In the reinforcement learning setting, an agent interacts with an environment in (discrete) time steps, which are incremented after the agent takes an action, receives a reward and the "system" (the environment and the agent) moves to a new state.
More precisely, at time step $t=0$ (the first time step), the environment (including the agent) is in some state $s_t = s_0$, takes an action $a_t = a_0$ and receives and reward $r_t = r_0$ and the environment (including the agent) moves to a next state $s_{t+1} = s_{0 + 1} = s_1$, which will also be the state that the environment will be in at the next time step, $t+1$, hence the notation $s_{t+1}$. Here, the subscripts $_t$ refer to the time step associated with those "entities" (state, action and rewards). So, after one time step (or after $t=0$), the agent will be in state $s_{t+1}$ and the new time step will be $t + 1 = 0 + 1 = 1$. So, we are now at time step $t=1$ (because we have just incremented the time step) and the agent is in state $s_{t} = s_1$. The previously described interaction then repeats: the agent takes an action $a_{t} = a_1$, gets the reward $r_t = r_1$ and the environment moves to the state $s_{t+1} = s_{1+1} = s_{2}$, and so on.

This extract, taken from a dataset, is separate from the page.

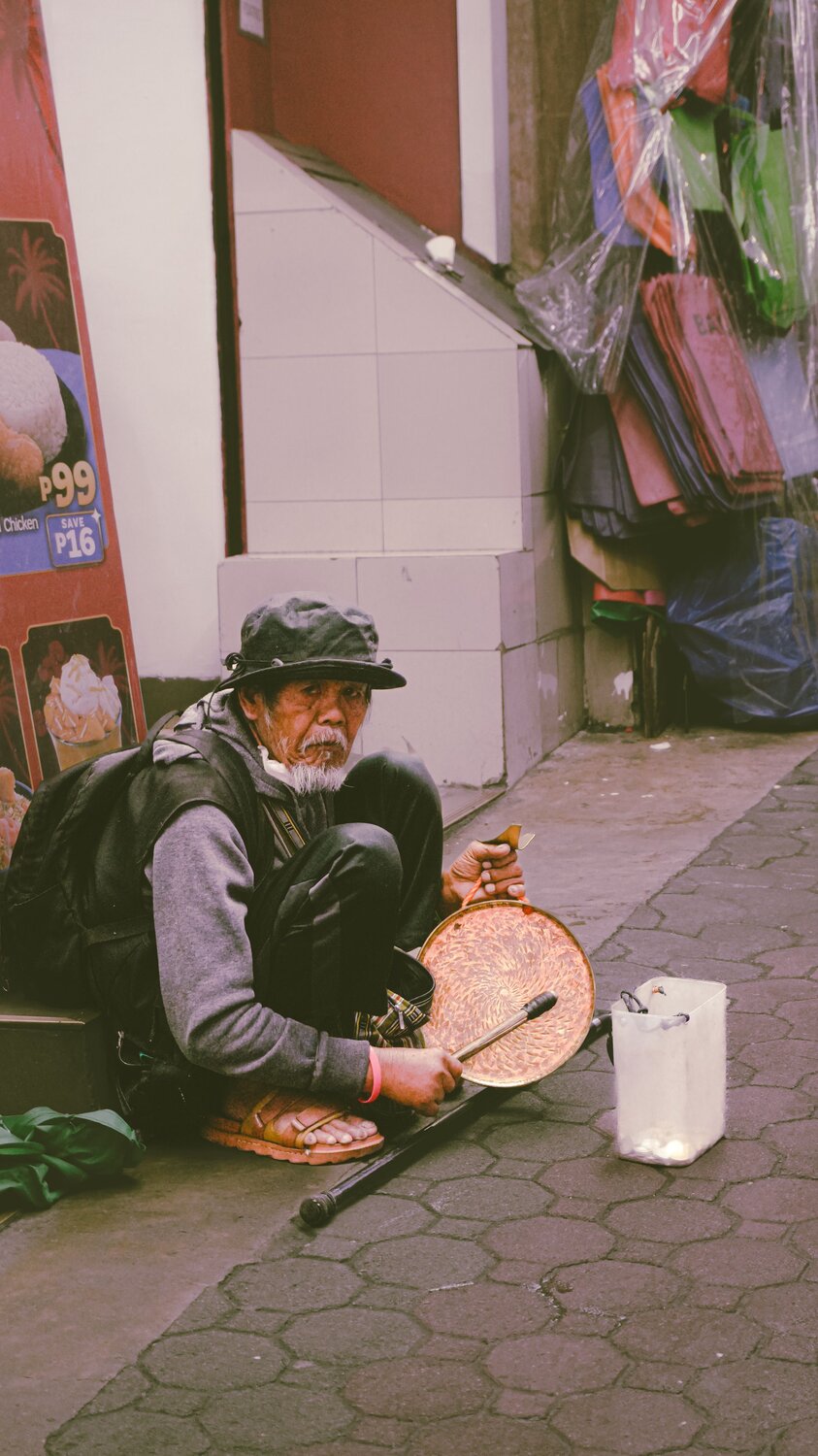 Photo #13971994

In your summation, we are just discounting the rewards using a value denoted by $\gamma$ (which is usually between $0$ and $1$), that is often called the "discount factor". That summation represents the summation of the rewards the agent will received starting (in this case) from time step $t=1$. We could also just have $r_1 + r_2 + r_3 + \dots $, but, for technical or mathematical reasons, we often "discount" the rewards, that is, we multiply them by $\gamma$ (raised to a power associated with the time step that reward will be received).

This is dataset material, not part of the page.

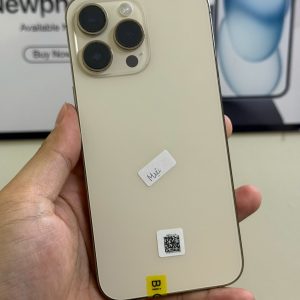điện thoại iphone 14 prm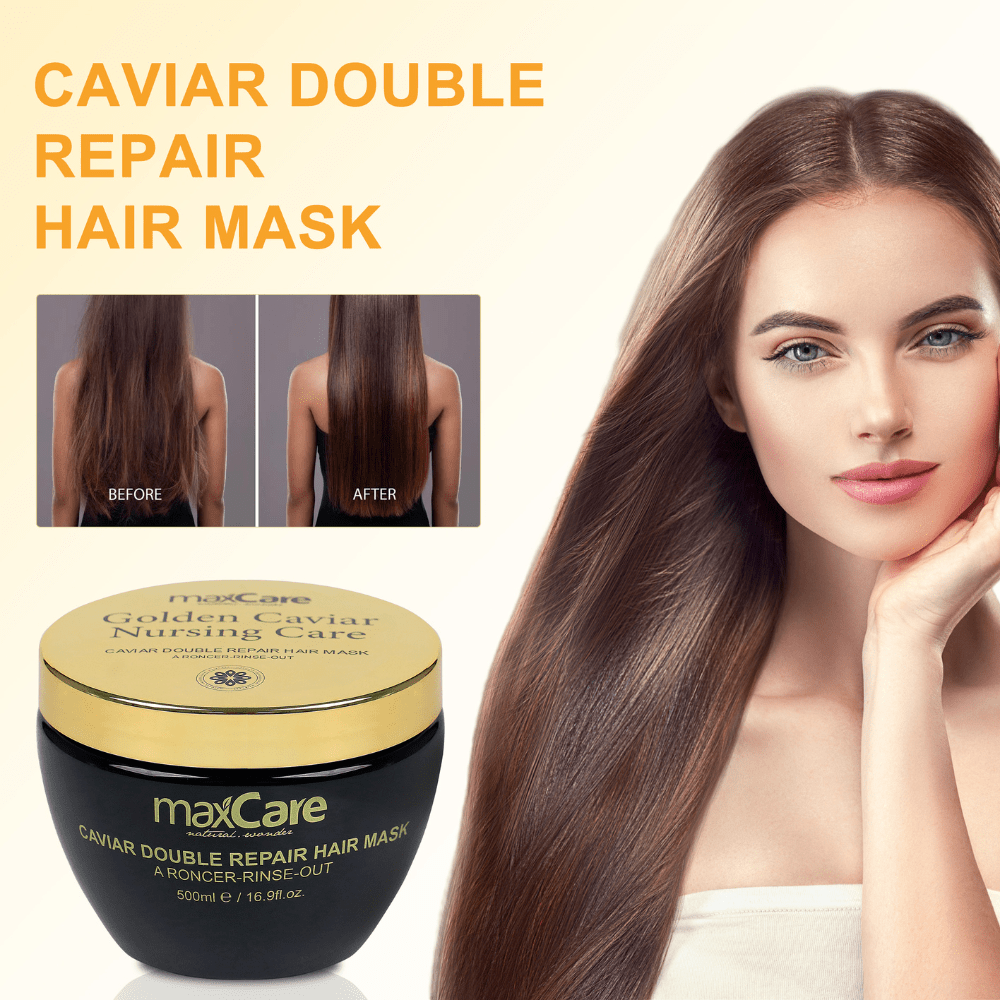 Golden Caviar Nursing Care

In the above description, I said that, at some time step $t$, the agent takes an action $a_t$ and receives a reward $r_t$. However, it is often the case that the reward received after taken an action at time step $t$ is denoted by $r_{t+1}$. I think this is a little confusing, but not conceptually "wrong", because one might think that the reward for having performed an action at time step $t$ is only received at the next time step. (You should get used to slightly different notations and terminology. At the beginning, it is not easy to understand, if the notation is not precise and consistent across sources, but you will get used to it, the more you learn about the topic, in the same way that you get used to a new language).